Question
What does it mean that depth versus breadth in hierarchies?
Quick Answer
Going deep in one branch versus wide across many branches are different strategies with different costs — and the right choice depends on whether you need resolution or coverage.
Going deep in one branch versus wide across many branches are different strategies with different costs — and the right choice depends on whether you need resolution or coverage.
Example: You are reorganizing your notes on decision-making. You could create ten top-level categories (broad/shallow) — risk, bias, heuristics, frameworks, emotions, speed, reversibility, group dynamics, consequences, meta-decisions — and drop notes loosely into each. Or you could build three deep branches — risk (subdivided into probability, exposure, tolerance, mitigation, acceptance), bias (subdivided into cognitive, social, confirmation, anchoring, survivorship), and frameworks (subdivided into expected value, regret minimization, OODA, pre-mortem, second-order). The broad version lets you find topics fast. The deep version lets you think with precision inside each topic. Neither is wrong — they solve different problems.

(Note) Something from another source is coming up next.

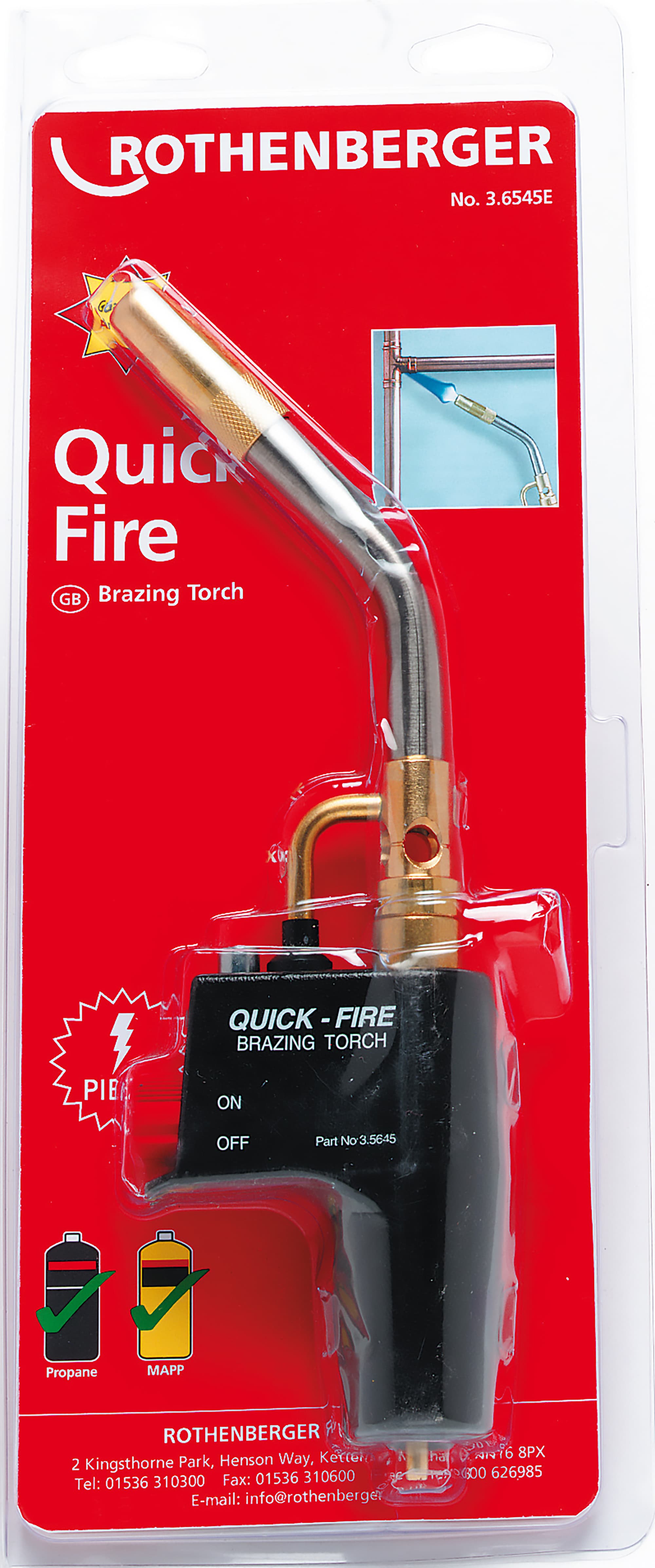 Rothenberger Quickfire Piezo Ignition Brazing Torch 3.5645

Try this: Pick one branch of your personal knowledge system (a folder, a tag, a category). Count its depth — how many levels exist between the top-level label and the most specific item? Then count its breadth — how many items sit at the top level? Write down which feels like the bottleneck right now: are you losing nuance because everything is lumped at one level (too shallow), or are you losing orientation because you cannot remember what lives five levels down (too deep)? Restructure one section to fix that specific bottleneck.